- [WHAT THE EXERCISE ASKS] With pictures left out, please repeat word for word the lines from the one containing "Aldon - 14K" through the end of the records.

--- THE DATA Enclosed Below ---

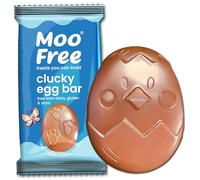 10 x Moo Free Easter Egg Chocolate Bars - Dairy Free & Vegan (15g)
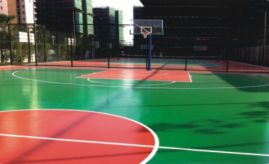 Silicon PU Ball Court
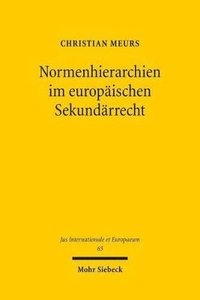 bokomslag Normenhierarchien im europischen Sekundrrecht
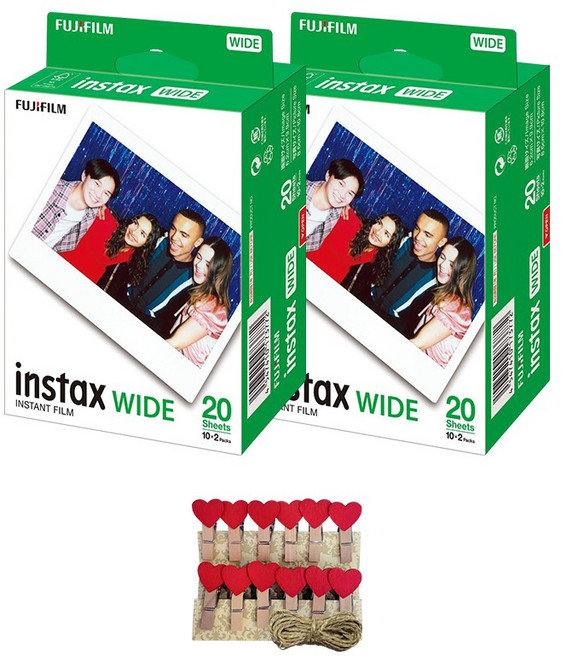 인스탁스 와이드필름 4팩(40장)/즉석카메라 필름, 1개, 단품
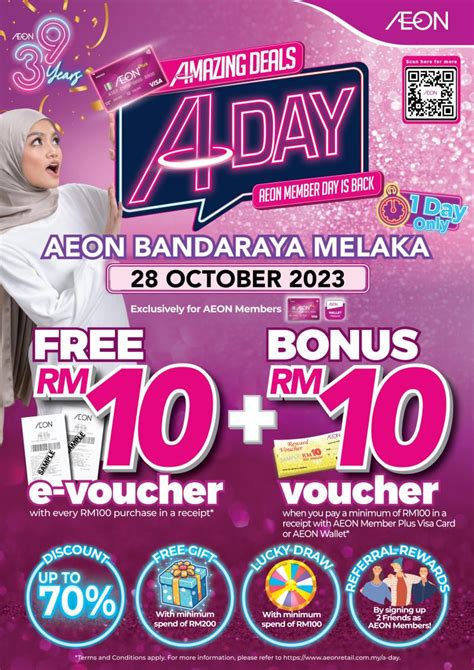 Aeon Bandaraya Melaka A Day Aeon Member Day Sale Oct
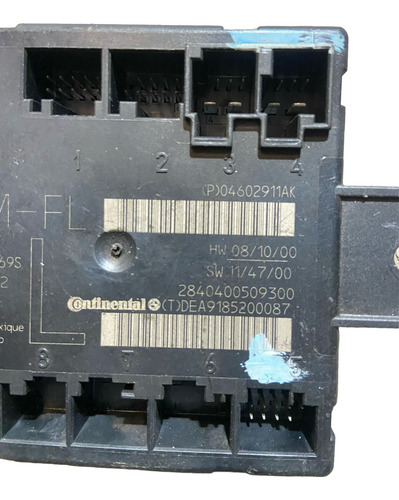 Módulo Central Controle Porta D.e Jeep Cherokee 2011 A 2013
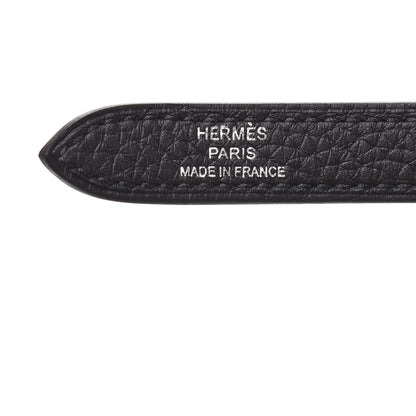 Hermes Taurillon Clemence Halzan 25 Black 7 of 12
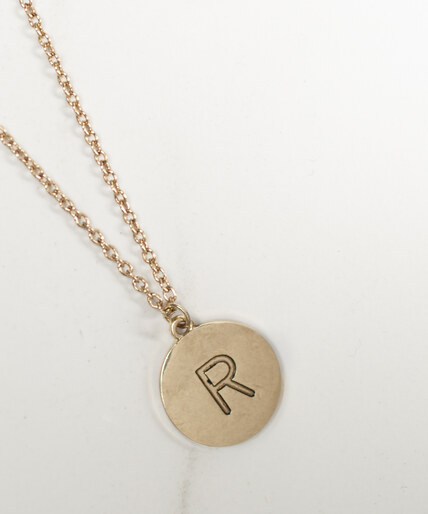 initial necklace - r Image 2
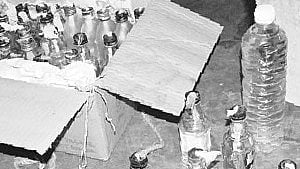 Image of petrol bombs used for representational purposes only.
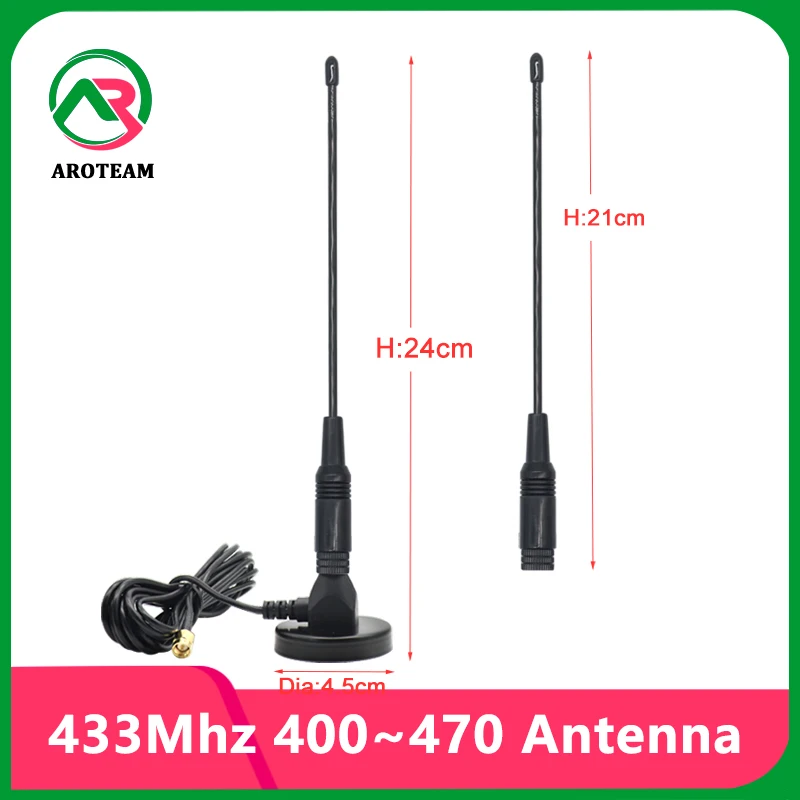 

Flexible 433Mhz 400~470Mhz Lora High Gain 8dbi Omni WiFi Soft Walkie talkie antenna Interphone Aerial With Magnetic Base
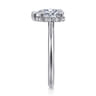 Aldon - 14K White Gold Pear Shape Diamond Engagement Ring - 0.08 ct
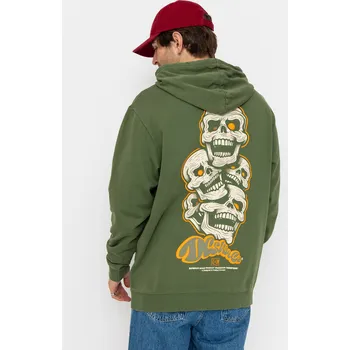 Pánská mikina DC Laugh Stack HD (bronze green) XL, zelená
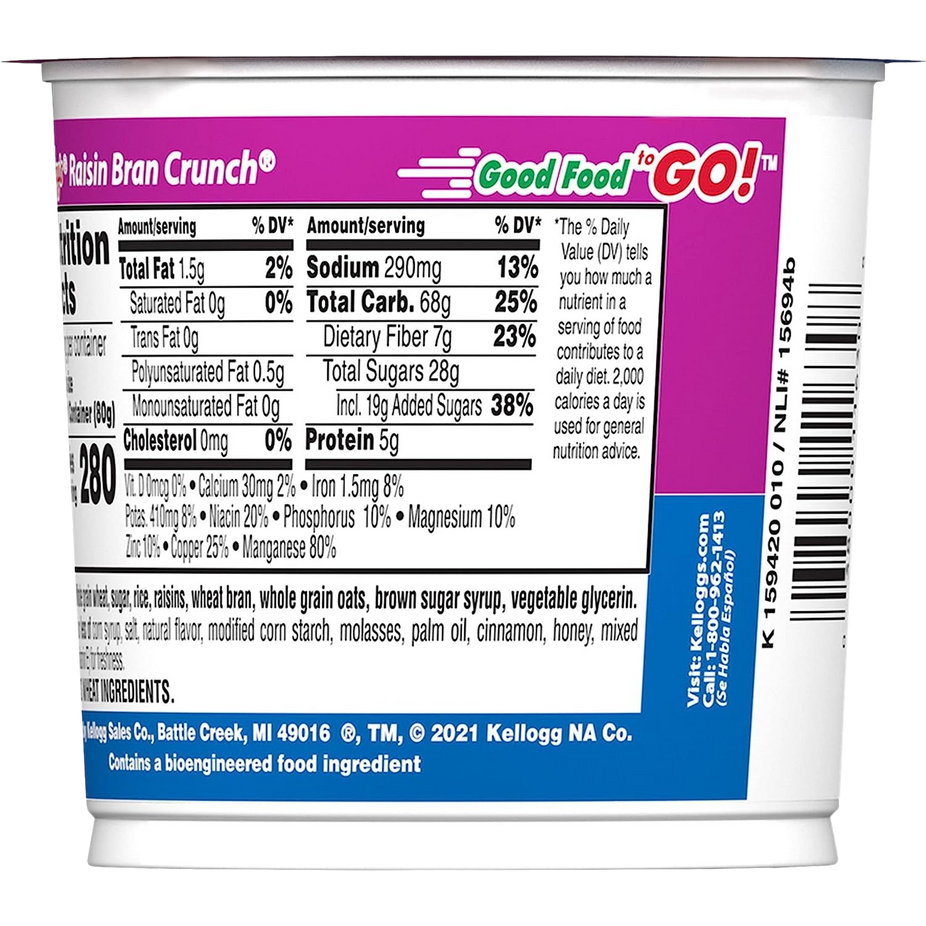 Raisin Bran Crunch Cup (5 CT)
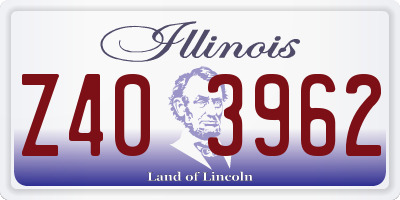 IL license plate Z403962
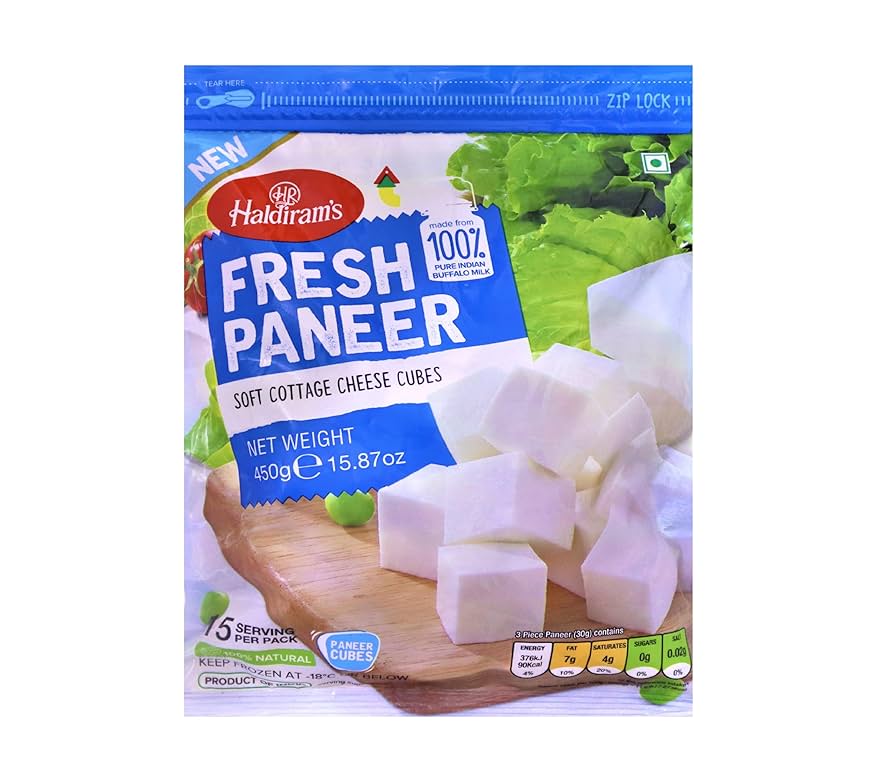 HAL PANEER CUBES 450G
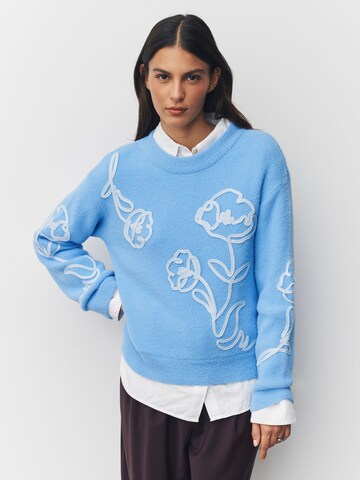 Next Pulóver - kék: elől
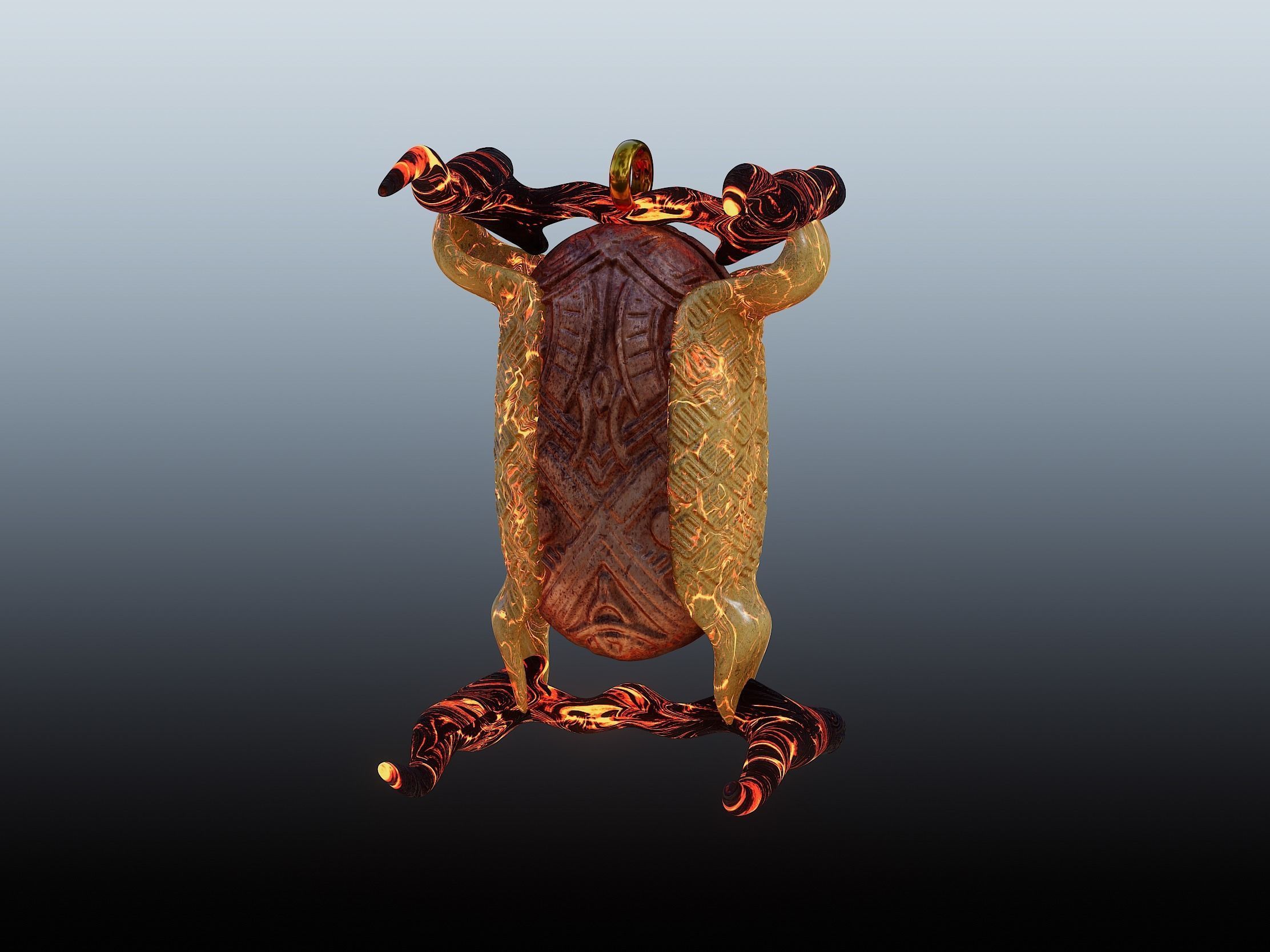 Viking pendant 3d model 3D print model_1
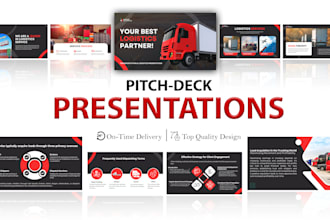 redesign powerpoint presentation and investor pitch deck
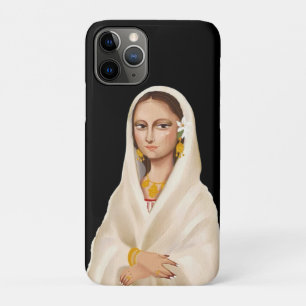 Elegante Frauenporträt Kulturkunstillustration Case-Mate iPhone Hülle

--- End of Enclosed THE DATA ---

- [TASK SOLUTION]
 Aldon - 14K White Gold Pear Shape Diamond Engagement Ring - 0.08 ct
 Pánská mikina DC Laugh Stack HD (bronze green) XL, zelená
 Raisin Bran Crunch Cup (5 CT)
 IL license plate Z403962
 HAL PANEER CUBES 450G
 Next Pulóver - kék: elől
 Viking pendant 3d model 3D print model_1
 redesign powerpoint presentation and investor pitch deck
 Elegante Frauenporträt Kulturkunstillustration Case-Mate iPhone Hülle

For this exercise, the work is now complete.